• The records:
= = = =

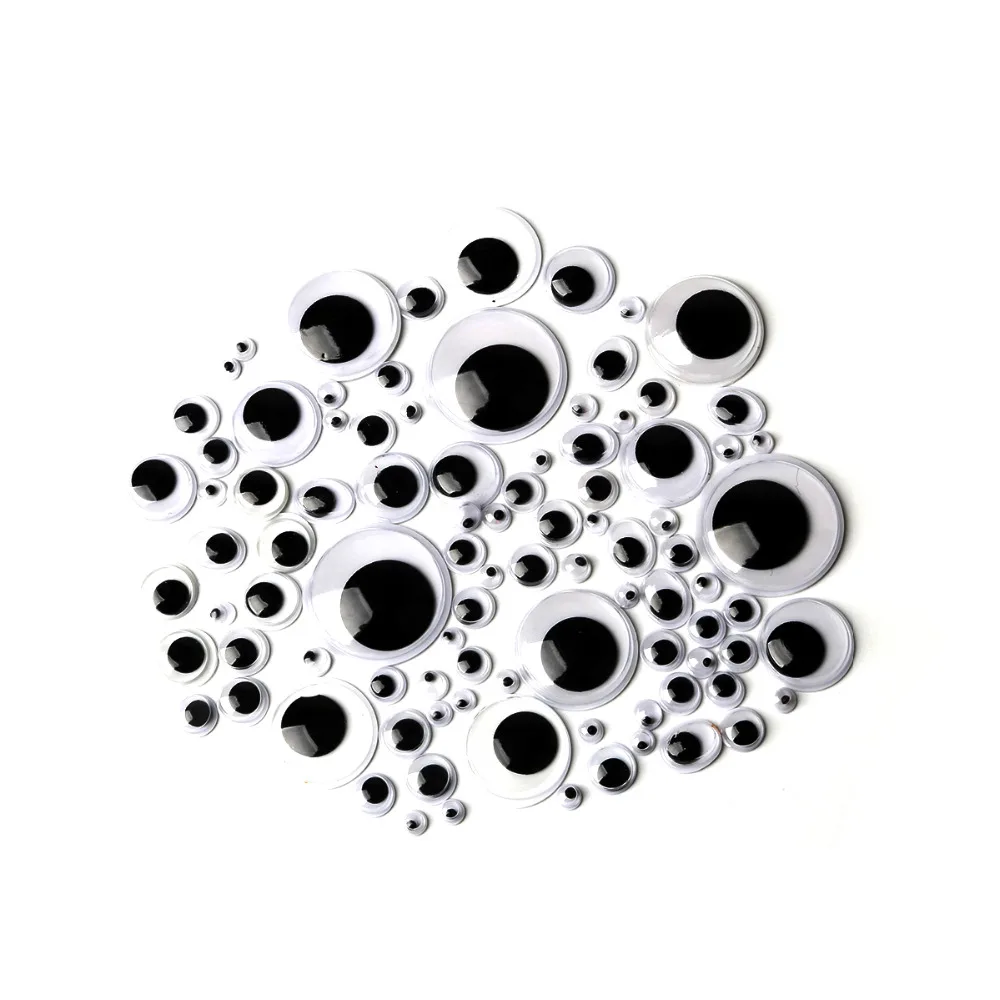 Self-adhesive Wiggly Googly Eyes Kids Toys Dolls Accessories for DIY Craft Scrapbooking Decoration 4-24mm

= = = =

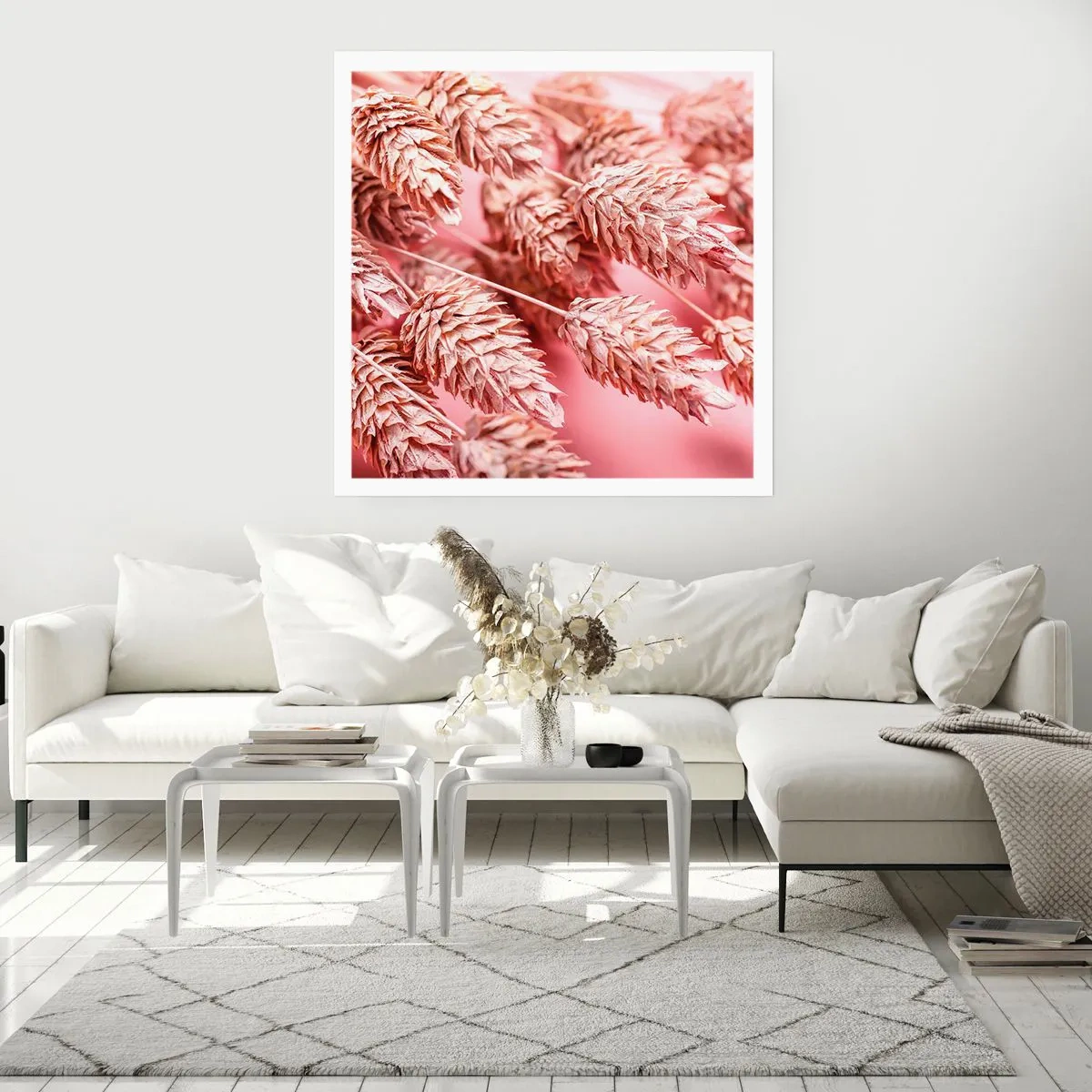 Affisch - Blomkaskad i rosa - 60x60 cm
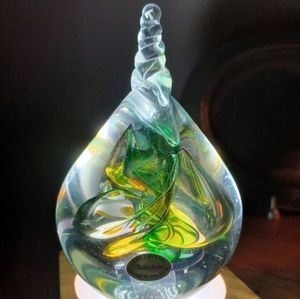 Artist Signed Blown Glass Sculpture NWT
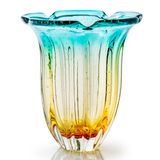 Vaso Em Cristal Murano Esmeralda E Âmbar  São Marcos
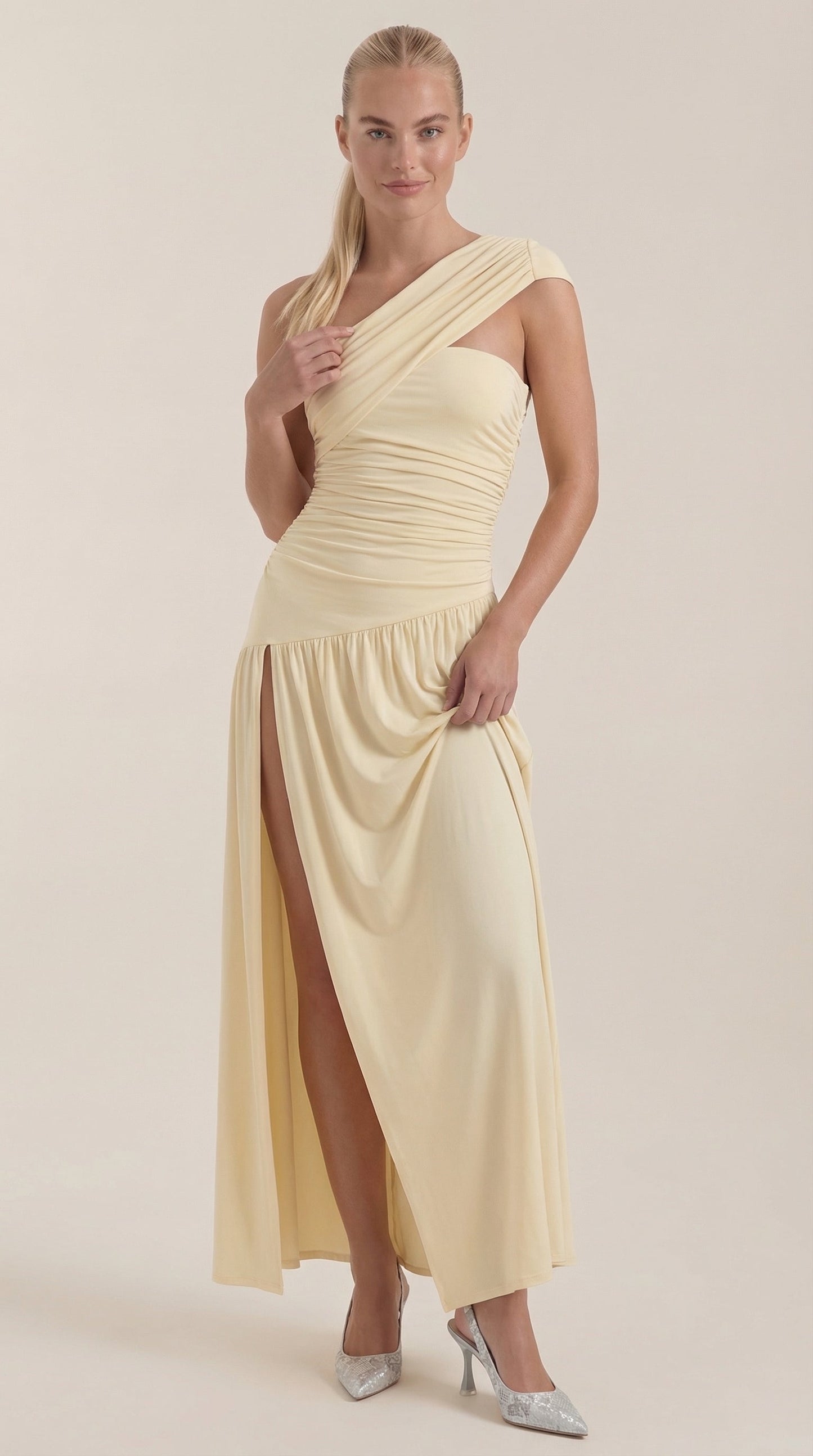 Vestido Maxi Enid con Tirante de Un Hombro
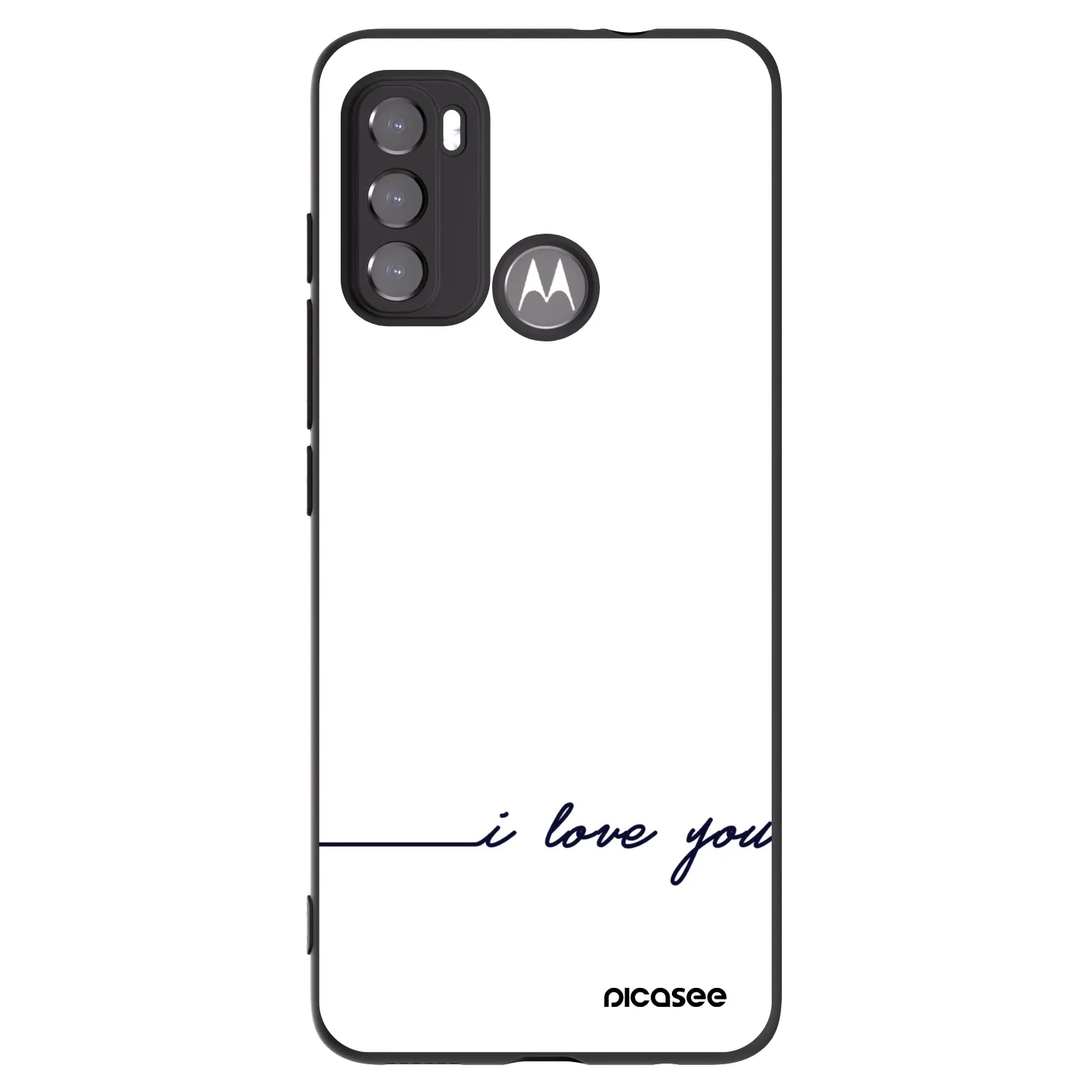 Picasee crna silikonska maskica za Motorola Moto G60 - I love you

= = = =

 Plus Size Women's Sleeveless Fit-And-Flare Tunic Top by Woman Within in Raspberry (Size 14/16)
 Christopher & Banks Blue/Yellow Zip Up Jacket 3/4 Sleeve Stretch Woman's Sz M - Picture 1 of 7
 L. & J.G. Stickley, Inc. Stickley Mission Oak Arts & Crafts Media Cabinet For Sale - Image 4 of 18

= = = =

Could you output exactly the lines above, from the line with "Vaso Em Cristal" up to and including the line with "Picasee crna silikonska", and nothing else, skipping the pictures?

 Vaso Em Cristal Murano Esmeralda E Âmbar  São Marcos
 Vestido Maxi Enid con Tirante de Un Hombro
 Picasee crna silikonska maskica za Motorola Moto G60 - I love you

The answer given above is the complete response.